[Stored records]
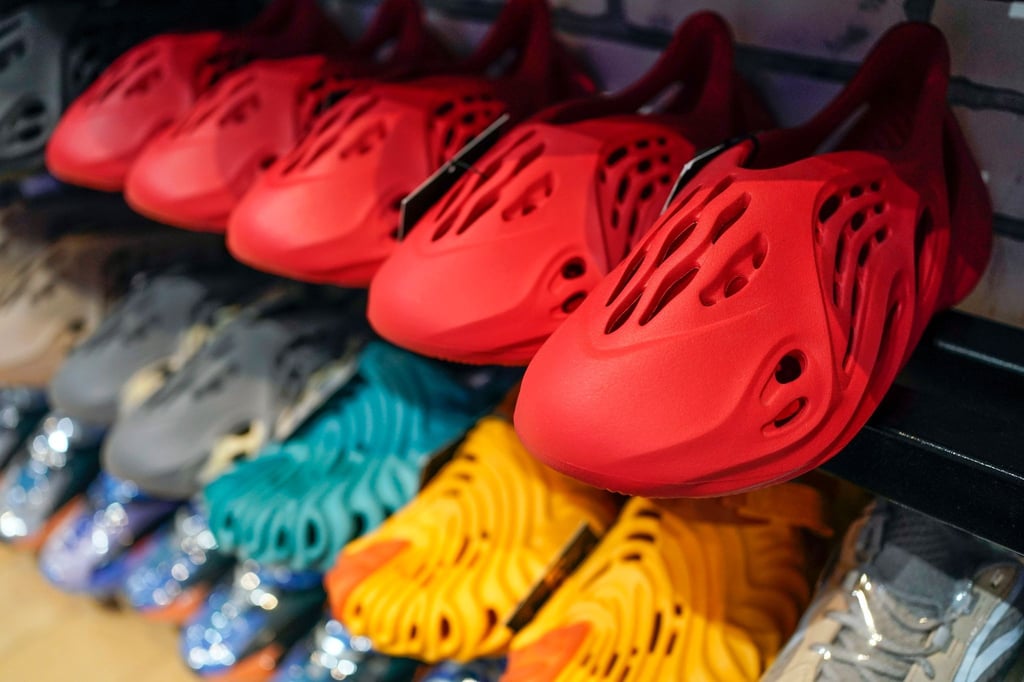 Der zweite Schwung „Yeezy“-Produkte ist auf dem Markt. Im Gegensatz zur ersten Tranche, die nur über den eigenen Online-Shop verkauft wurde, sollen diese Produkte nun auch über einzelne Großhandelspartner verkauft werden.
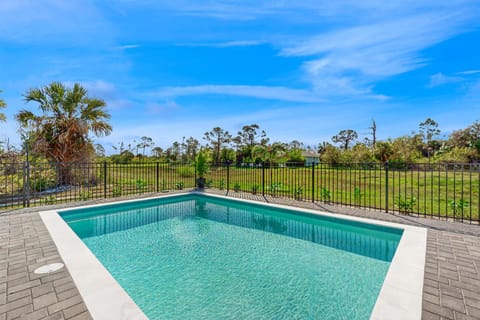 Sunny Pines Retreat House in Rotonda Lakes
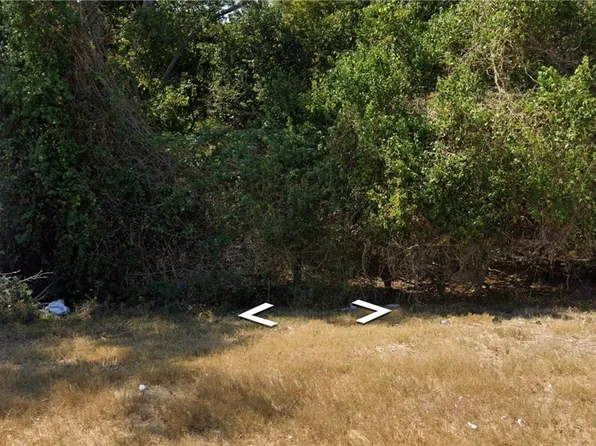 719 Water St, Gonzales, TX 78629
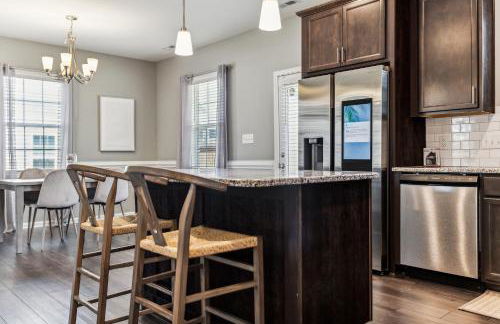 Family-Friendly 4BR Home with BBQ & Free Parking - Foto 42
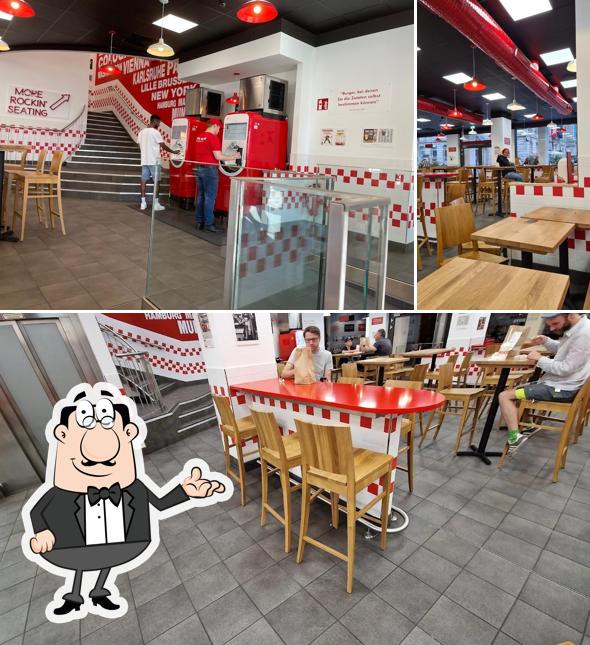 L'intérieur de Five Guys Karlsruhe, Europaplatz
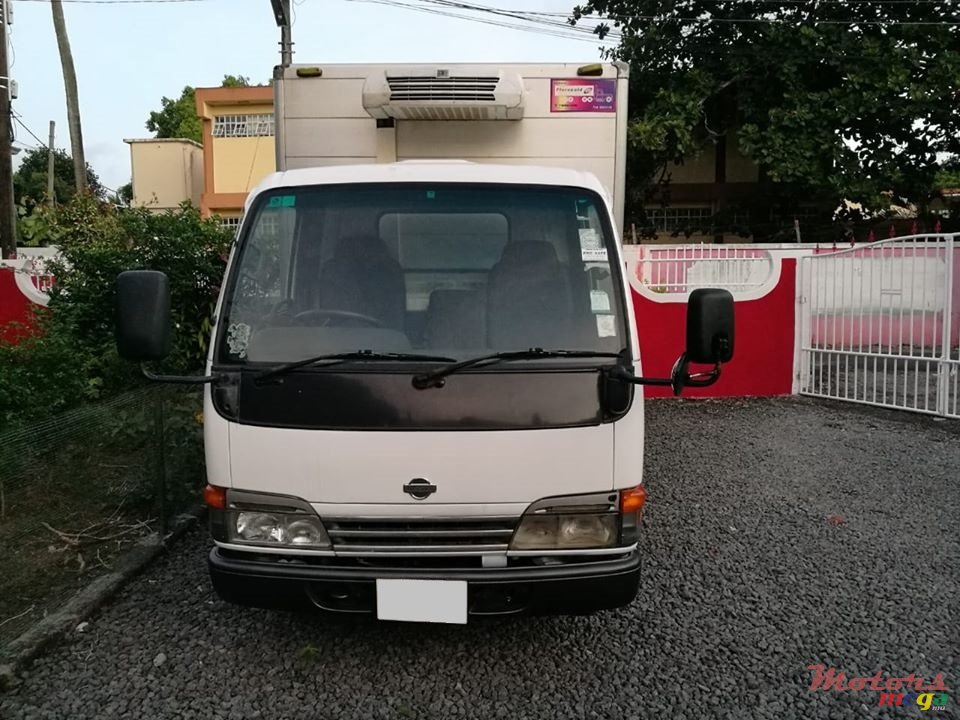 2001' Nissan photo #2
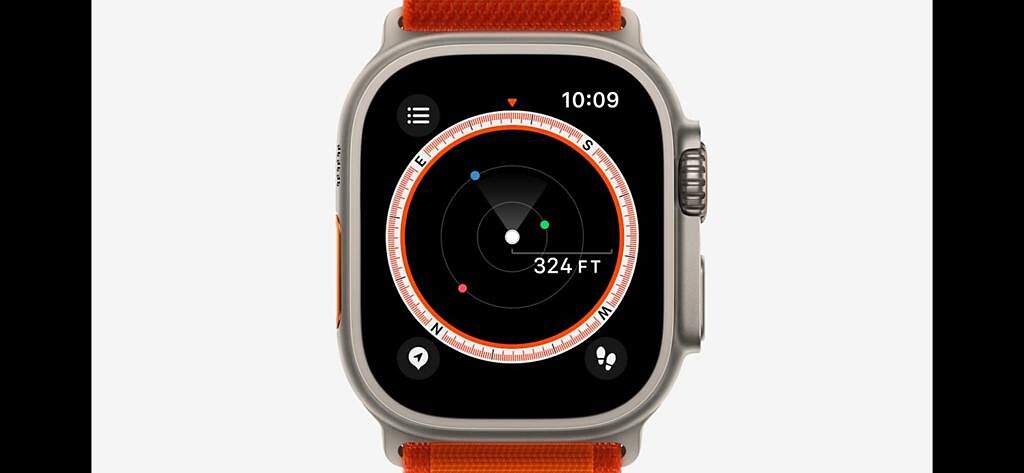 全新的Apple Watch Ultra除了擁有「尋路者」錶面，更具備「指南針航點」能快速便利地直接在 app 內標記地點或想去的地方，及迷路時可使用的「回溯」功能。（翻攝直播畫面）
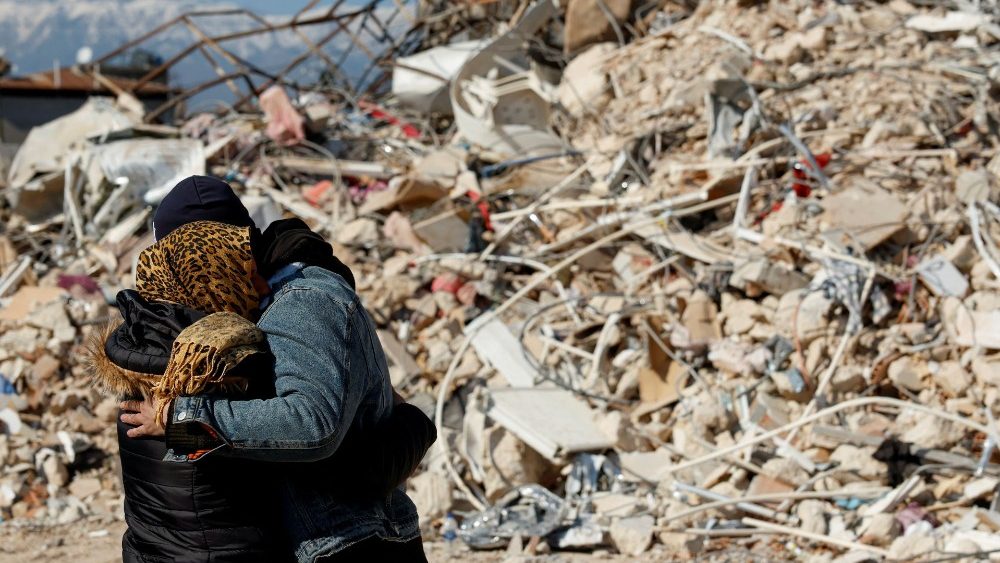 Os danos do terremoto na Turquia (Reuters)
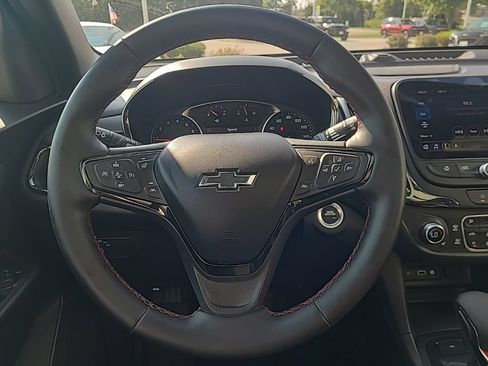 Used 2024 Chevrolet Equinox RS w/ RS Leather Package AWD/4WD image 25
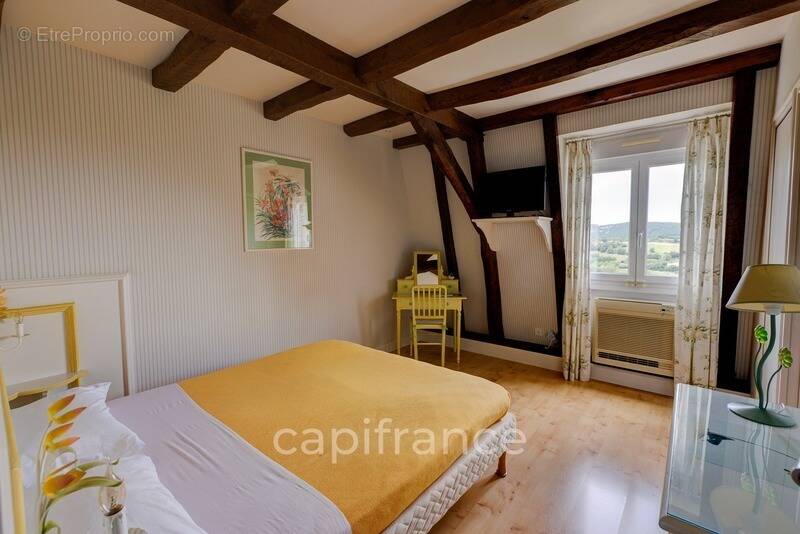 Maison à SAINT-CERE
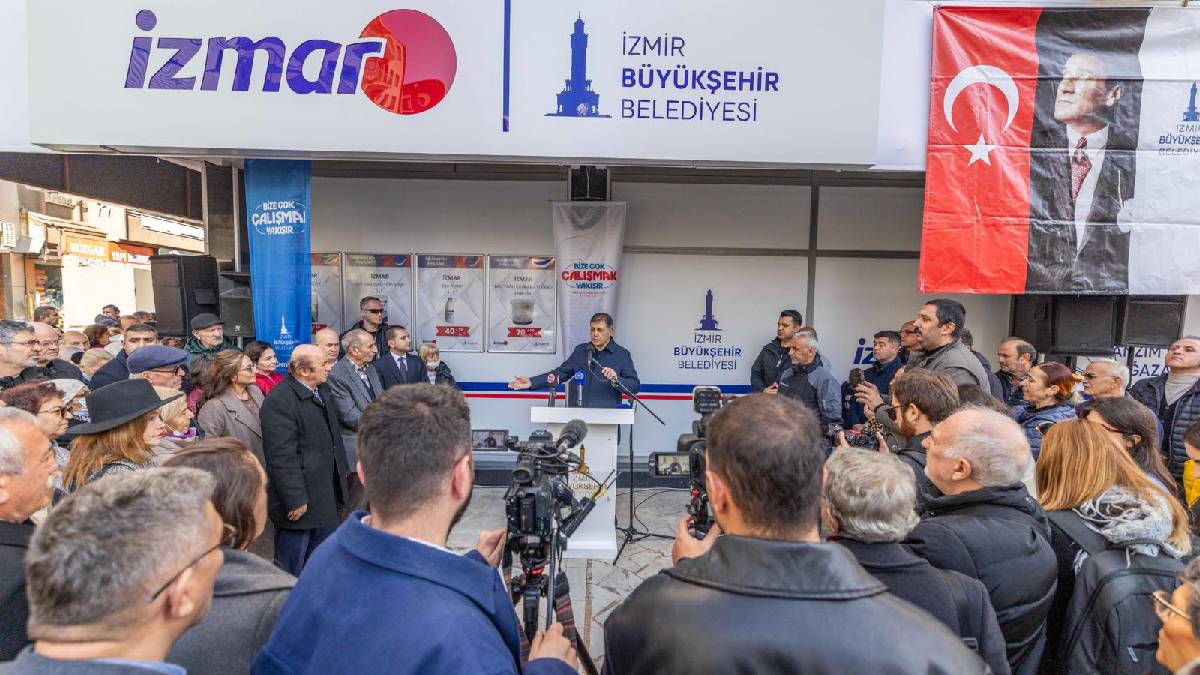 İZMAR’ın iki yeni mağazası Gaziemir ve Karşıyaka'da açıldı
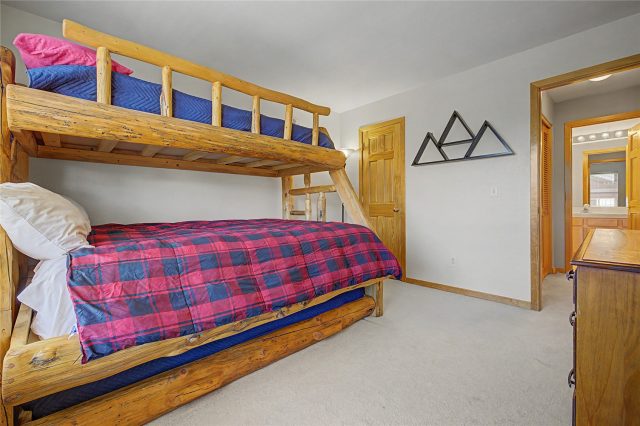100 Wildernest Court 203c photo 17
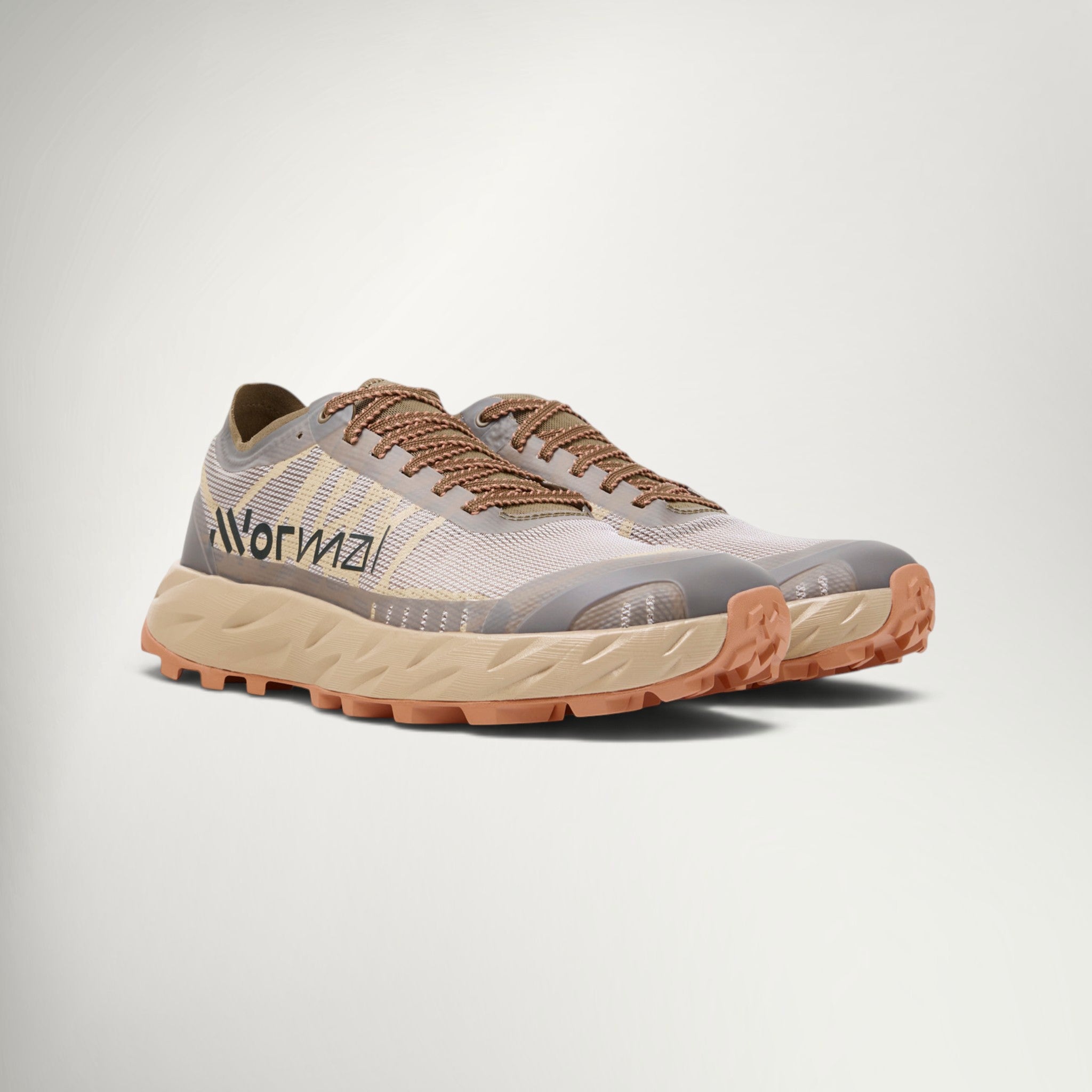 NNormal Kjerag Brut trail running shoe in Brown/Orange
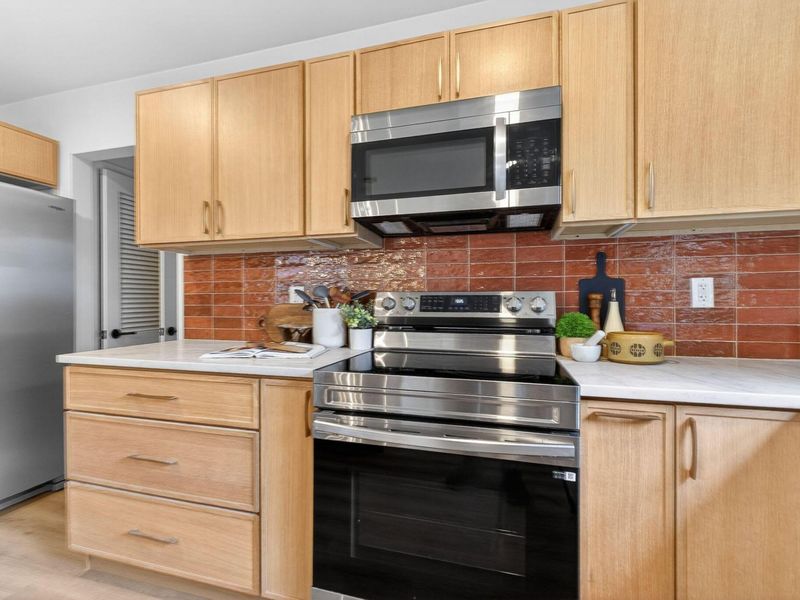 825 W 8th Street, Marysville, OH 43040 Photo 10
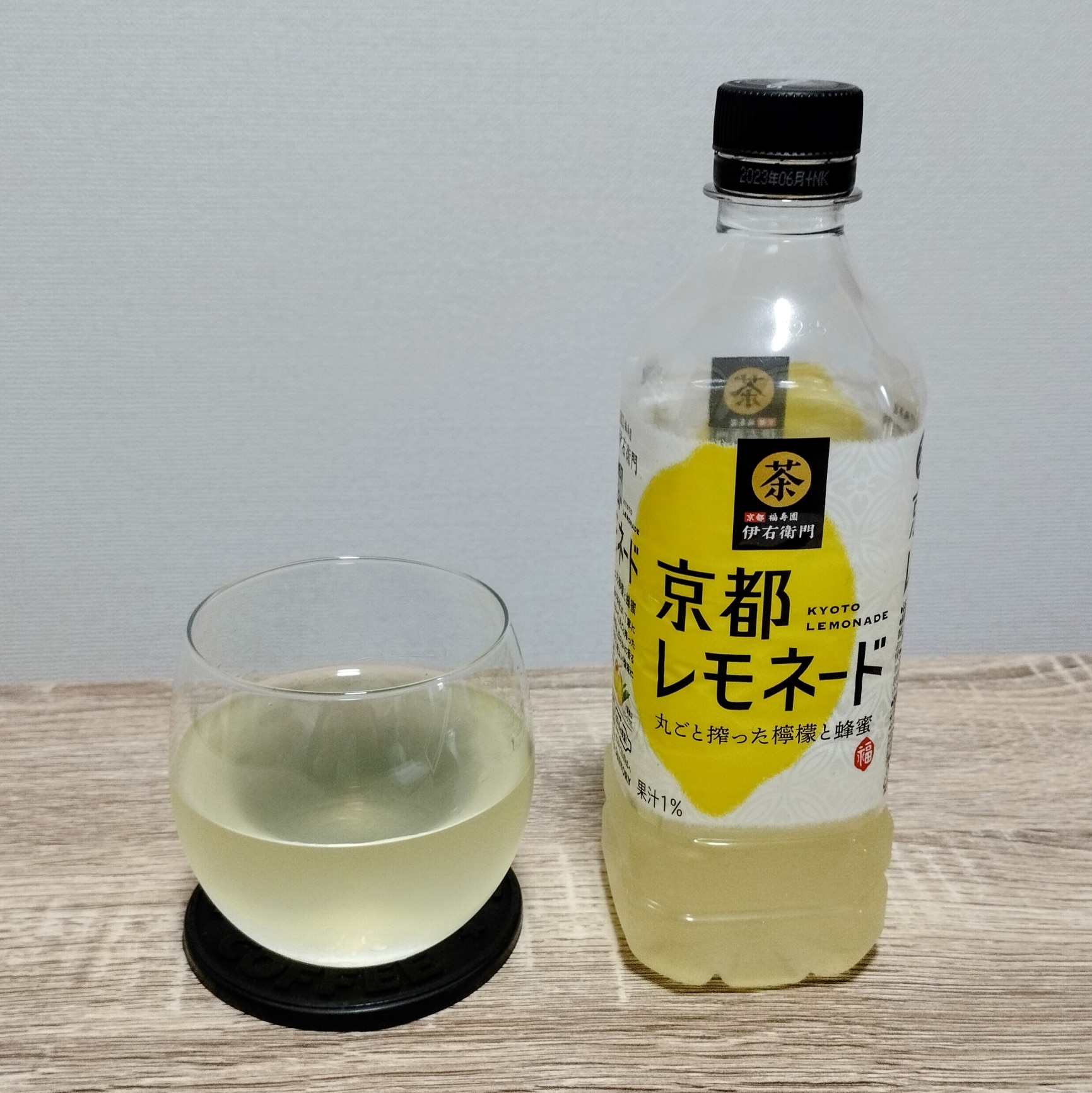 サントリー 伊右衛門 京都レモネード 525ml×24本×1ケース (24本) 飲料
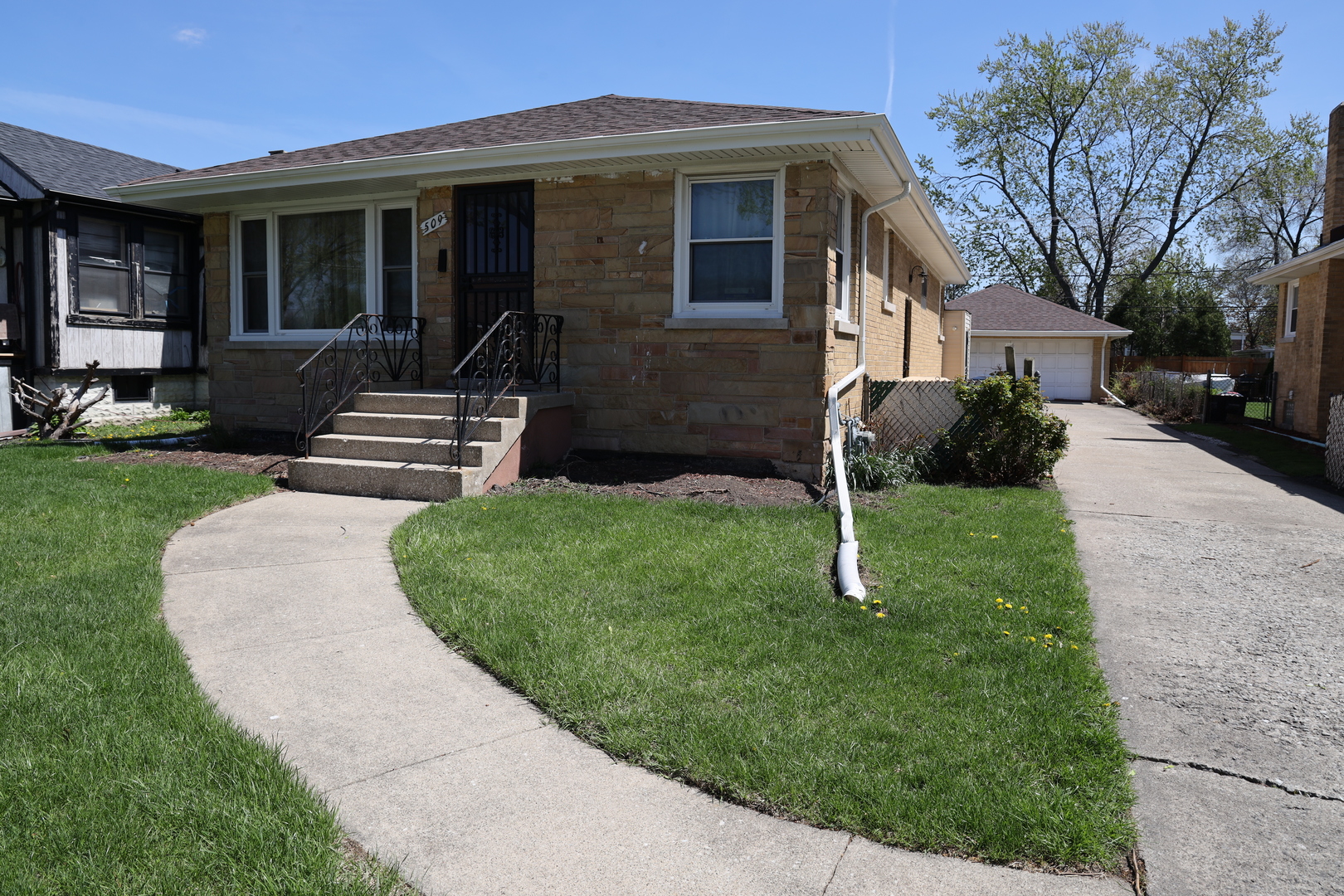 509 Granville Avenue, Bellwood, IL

### TASK ITEM
Print again, word for word, every line from the line with "2001' Nissan photo #2" to the final line of the records, inclusive; skip the pictures.

### ANSWER FOR THE TASK
 2001' Nissan photo #2
 全新的Apple Watch Ultra除了擁有「尋路者」錶面，更具備「指南針航點」能快速便利地直接在 app 內標記地點或想去的地方，及迷路時可使用的「回溯」功能。（翻攝直播畫面）
 Os danos do terremoto na Turquia (Reuters)
 Used 2024 Chevrolet Equinox RS w/ RS Leather Package AWD/4WD image 25
 Maison à SAINT-CERE
 İZMAR’ın iki yeni mağazası Gaziemir ve Karşıyaka'da açıldı
100 Wildernest Court 203c photo 17
 NNormal Kjerag Brut trail running shoe in Brown/Orange
 825 W 8th Street, Marysville, OH 43040 Photo 10
 サントリー 伊右衛門 京都レモネード 525ml×24本×1ケース (24本) 飲料
 509 Granville Avenue, Bellwood, IL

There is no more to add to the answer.